API Resource

When working with external APIs in Dagster, it's often best to start by creating a resource. A resource provides a clean abstraction for external services, making it easy to reuse API logic across multiple assets. It also simplifies testing and long-term maintenance by isolating API-specific logic in a single, well-defined interface.

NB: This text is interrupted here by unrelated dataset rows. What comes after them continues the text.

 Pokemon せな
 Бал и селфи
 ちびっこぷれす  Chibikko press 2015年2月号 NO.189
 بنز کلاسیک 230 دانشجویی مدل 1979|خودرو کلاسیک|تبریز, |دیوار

Before we write any code, let’s review the characteristics of the NeoWs (Near Earth Object Web Service) API. The base URL for the endpoint is:

https://api.nasa.gov/neo/rest/v1/feed

This endpoint supports three query parameters:

ParameterTypeDefaultDescription
start_dateYYYY-MM-DDnoneStarting date for asteroid search
end_dateYYYY-MM-DD7 days after start_dateEnding date for asteroid search
api_keystringDEMO_KEYapi.nasa.gov key for expanded usage

Given this structure, a full API request might look like:

https://api.nasa.gov/neo/rest/v1/feed?start_date=2015-09-07&end_date=2015-09-08&api_key=DEMO_KEY

The API will return a large JSON response that includes various metadata fields. To keep things simple, we’ll focus only on the part we care about, the near_earth_objects field. This field contains the actual asteroid data, organized by date, and is all we need for our ETL pipeline.

Coding our resource

Now that we know the API endpoint and the parameters required to make a call, let’s write our resource. There are many ways to structure this, but we’ll keep the implementation lean.

We’ll create a resource called NASAResource, which is initialized from our API key. This resource will expose a single method: get_near_earth_asteroids with two parameters (start_date, end_date), which returns the parsed JSON response from the API.

Here’s what that might look like added to the resources.py:

# src/dagster_and_etl/defs/resources.py
import dagster as dg
import requests


class NASAResource(dg.ConfigurableResource):
    api_key: str

    def get_near_earth_asteroids(self, start_date: str, end_date: str):
        url = "https://api.nasa.gov/neo/rest/v1/feed"
        params = {
            "start_date": start_date,
            "end_date": end_date,
            "api_key": self.api_key,
        }

        resp = requests.get(url, params=params)
        return resp.json()["near_earth_objects"][start_date]

Now that we have our resource defined, we can include it in the Definitions alongside the DuckDBResource resource in the resources.py:

# src/dagster_and_etl/defs/resources.py
@dg.definitions
def resources():
    return dg.Definitions(
        resources={
            "nasa": NASAResource(
                api_key=dg.EnvVar("NASA_API_KEY"),
            ),
            "database": DuckDBResource(
                database="data/staging/data.duckdb",
            ),
        },
    )

Note: To run this pipeline you need to set the NASA_API_KEY environment variable. The simplest way is to create a .env file in the root of the dagster_and_etl project directory with the following content:

NASA_API_KEY=your_api_key_here

Dagster automatically loads .env files when you start the development server. If the server is already running, restart it after creating the file.